# [What you should do]
Output each of the entries exactly, skipping every picture they contain.

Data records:
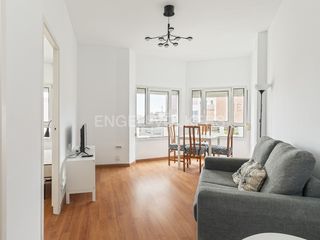 Rent Flat in Hostafrancs. Apartamento vacacional de dos habitaciones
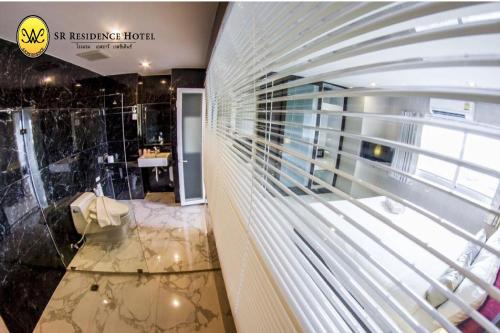 Bathroom, SR Residence Hotel in Phetchabun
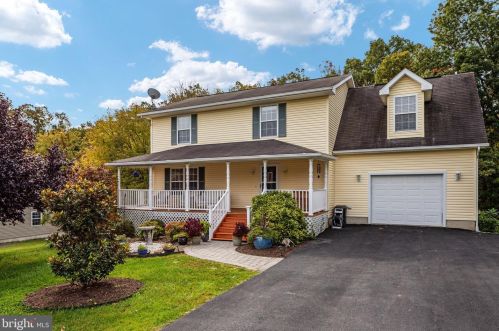 100 Baer Oak Dr, Maurertown, VA 22644-2561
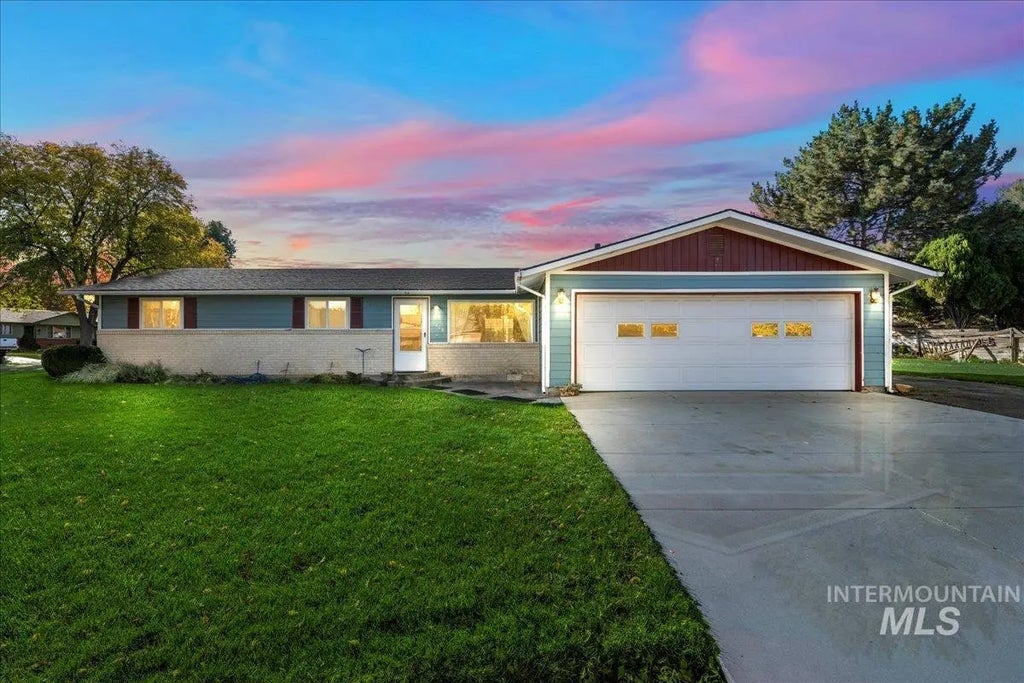 1209 W Hudson, Nampa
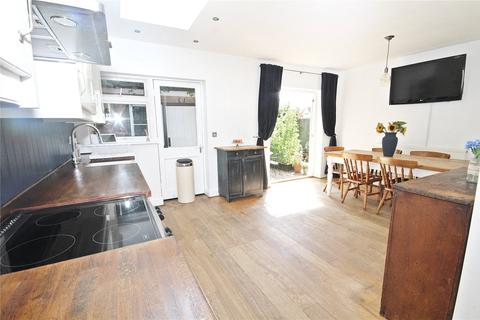50 Ampthill Road, Flitwick, Bedford, MK45 1AY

# [Problem solution]
 Rent Flat in Hostafrancs. Apartamento vacacional de dos habitaciones
 Bathroom, SR Residence Hotel in Phetchabun
 100 Baer Oak Dr, Maurertown, VA 22644-2561
 1209 W Hudson, Nampa
50 Ampthill Road, Flitwick, Bedford, MK45 1AY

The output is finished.